* Problem details: These records contain pictures, which must be left out; copy exactly the lines from the one with "Kimood KI0130 - Sac à dos classique" up to and including the one with "Thumbnail-Wohnung zum Mieten".

*** Data for the task Section Begins ***

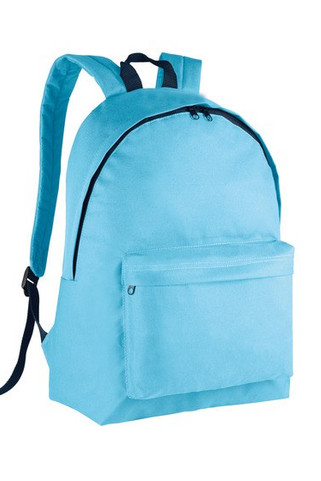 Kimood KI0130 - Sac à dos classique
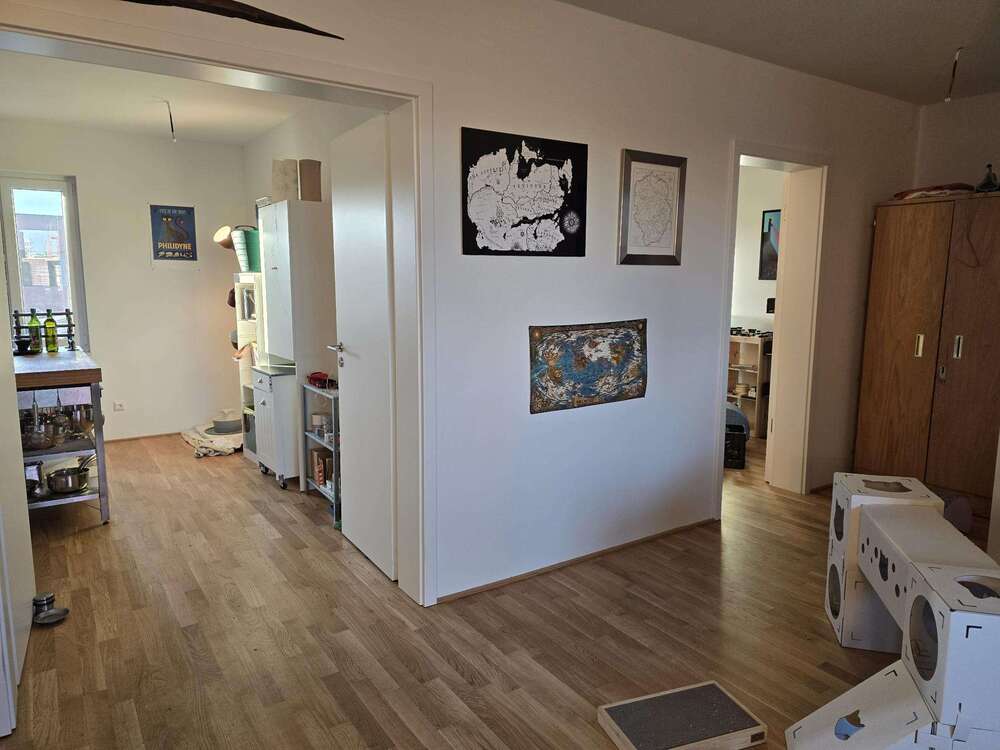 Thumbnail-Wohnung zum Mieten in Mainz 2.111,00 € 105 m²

*** Data for the task Section Ends ***
*** Data for the task Section Begins ***

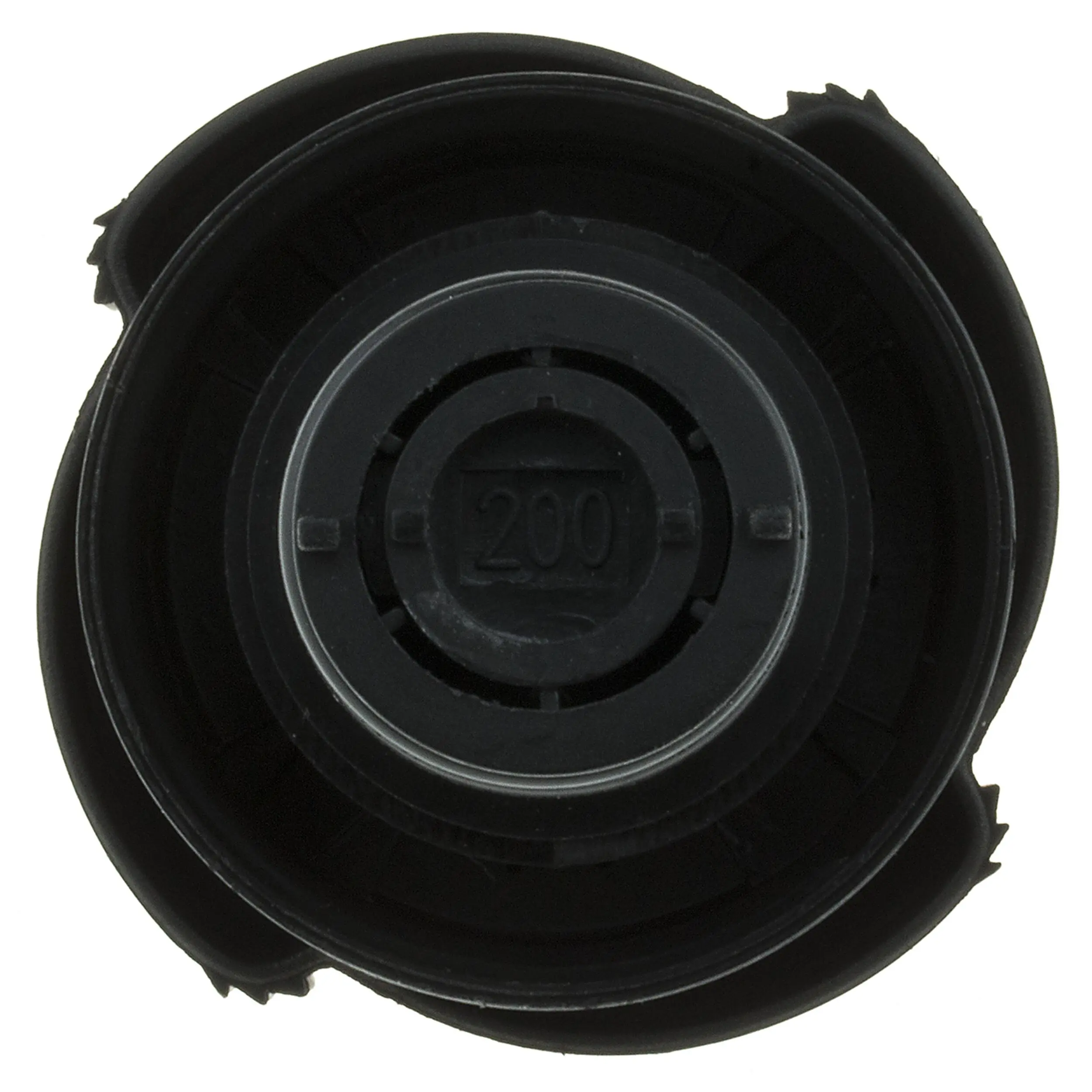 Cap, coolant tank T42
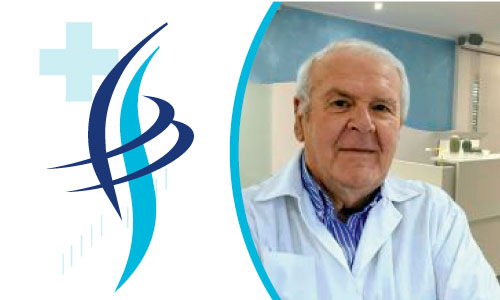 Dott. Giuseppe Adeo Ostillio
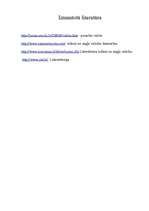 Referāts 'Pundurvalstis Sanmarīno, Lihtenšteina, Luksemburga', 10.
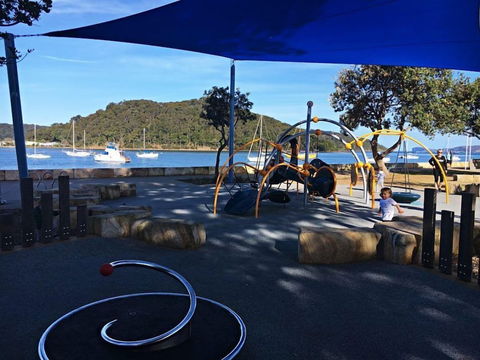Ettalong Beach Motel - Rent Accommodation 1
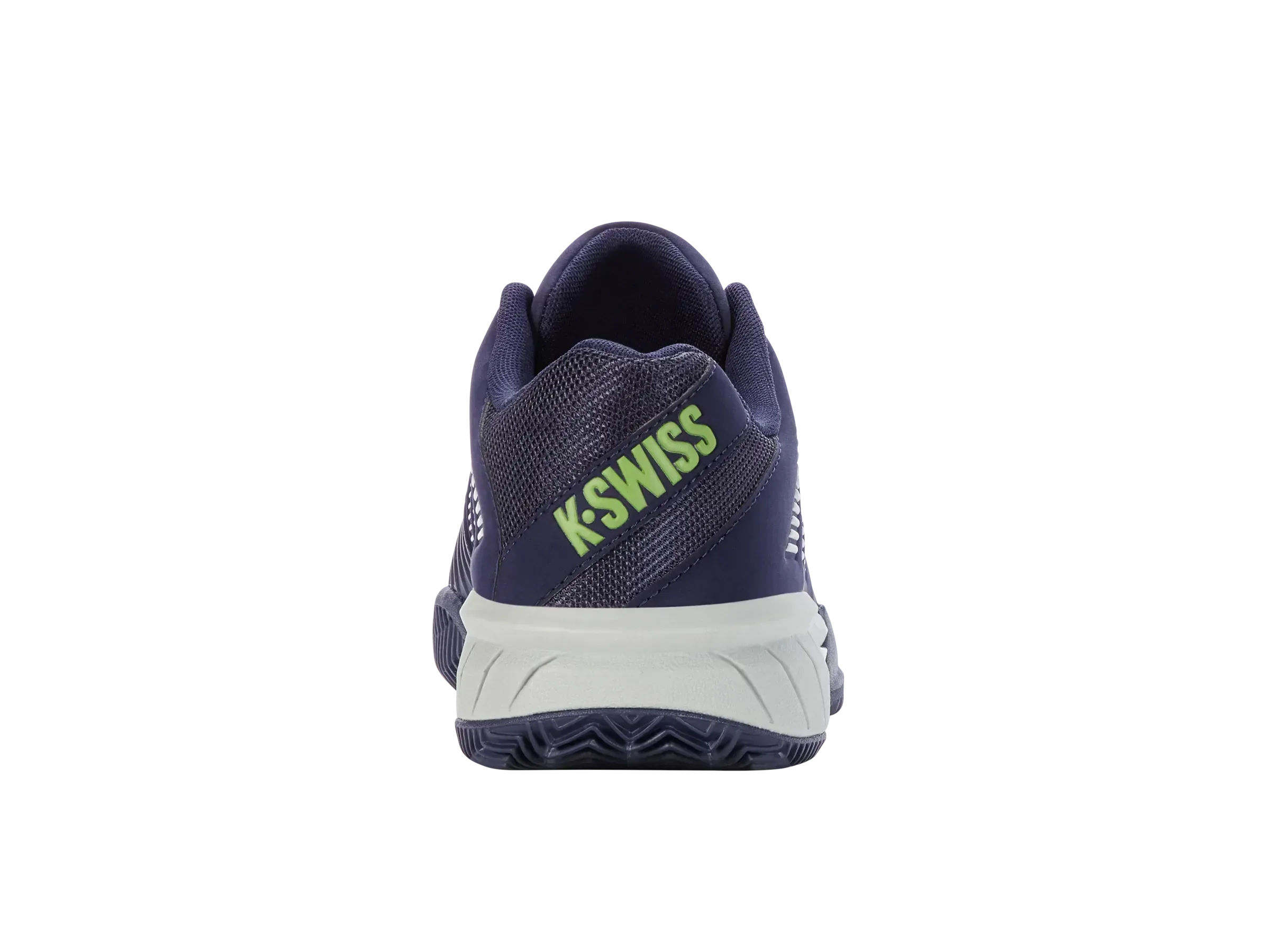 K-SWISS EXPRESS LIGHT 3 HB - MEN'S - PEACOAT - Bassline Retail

*** Data for the task Section Ends ***

* Response to the exercise:
 Kimood KI0130 - Sac à dos classique
 Thumbnail-Wohnung zum Mieten in Mainz 2.111,00 € 105 m²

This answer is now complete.